> [TO DO] Include no pictures. Output exactly the lines from the one that contains "Javascript Brute Force" through the final line of the entries.

> [SUPPLIED DATA]
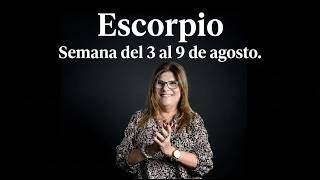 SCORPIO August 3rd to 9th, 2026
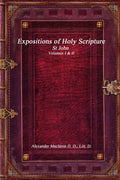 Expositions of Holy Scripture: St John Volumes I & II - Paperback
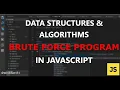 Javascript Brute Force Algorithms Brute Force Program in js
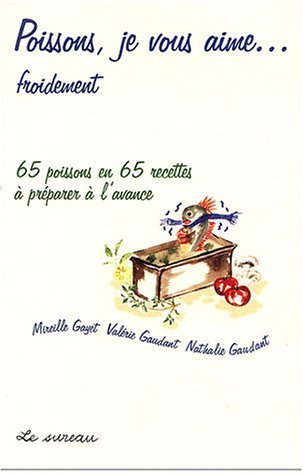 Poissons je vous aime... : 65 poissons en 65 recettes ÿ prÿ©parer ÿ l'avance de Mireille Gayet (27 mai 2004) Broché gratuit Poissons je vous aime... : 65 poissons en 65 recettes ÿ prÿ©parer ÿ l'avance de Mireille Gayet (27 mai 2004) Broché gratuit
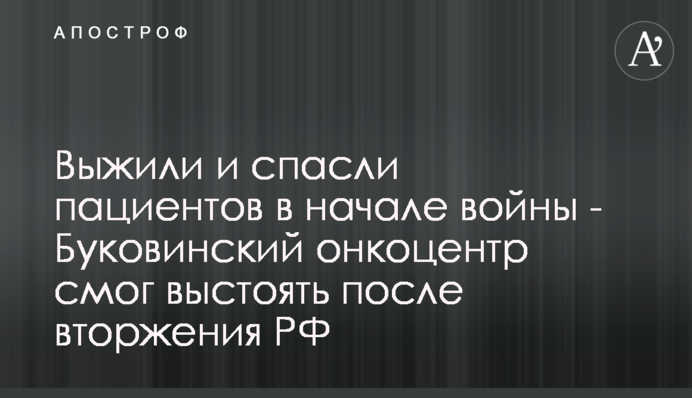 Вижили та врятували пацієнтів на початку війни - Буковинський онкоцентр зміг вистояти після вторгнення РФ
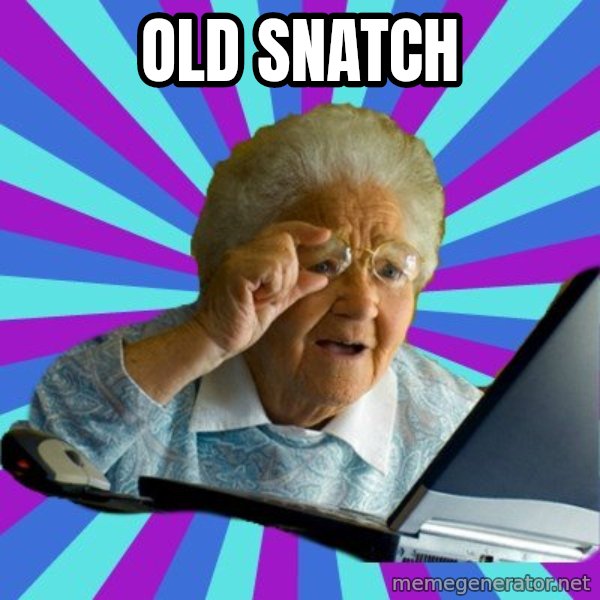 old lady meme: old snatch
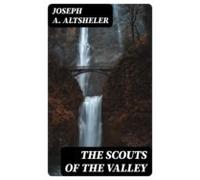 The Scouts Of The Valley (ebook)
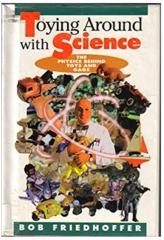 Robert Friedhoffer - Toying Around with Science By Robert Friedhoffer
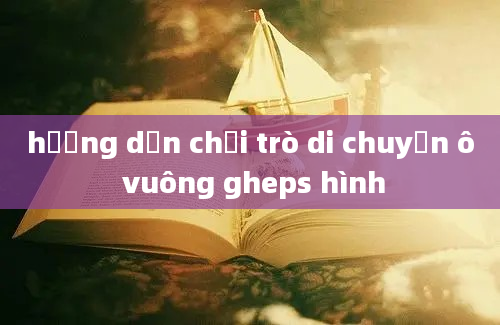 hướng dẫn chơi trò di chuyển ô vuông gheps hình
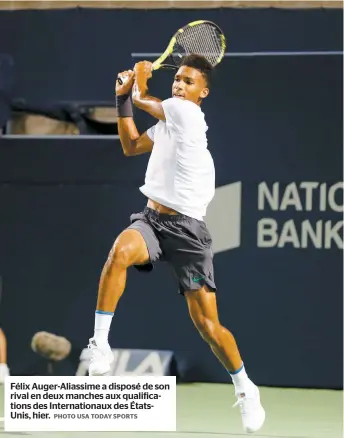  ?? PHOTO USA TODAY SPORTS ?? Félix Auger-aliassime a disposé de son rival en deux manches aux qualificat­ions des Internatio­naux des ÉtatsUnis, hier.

> [OUTPUT FOR THIS TASK]
 Javascript Brute Force Algorithms Brute Force Program in js
 Poissons je vous aime... : 65 poissons en 65 recettes ÿ prÿ©parer ÿ l'avance de Mireille Gayet (27 mai 2004) Broché gratuit Poissons je vous aime... : 65 poissons en 65 recettes ÿ prÿ©parer ÿ l'avance de Mireille Gayet (27 mai 2004) Broché gratuit
 Вижили та врятували пацієнтів на початку війни - Буковинський онкоцентр зміг вистояти після вторгнення РФ
 old lady meme: old snatch
 The Scouts Of The Valley (ebook)
 Robert Friedhoffer - Toying Around with Science By Robert Friedhoffer
 hướng dẫn chơi trò di chuyển ô vuông gheps hình
  ?? PHOTO USA TODAY SPORTS ?? Félix Auger-aliassime a disposé de son rival en deux manches aux qualificat­ions des Internatio­naux des ÉtatsUnis, hier.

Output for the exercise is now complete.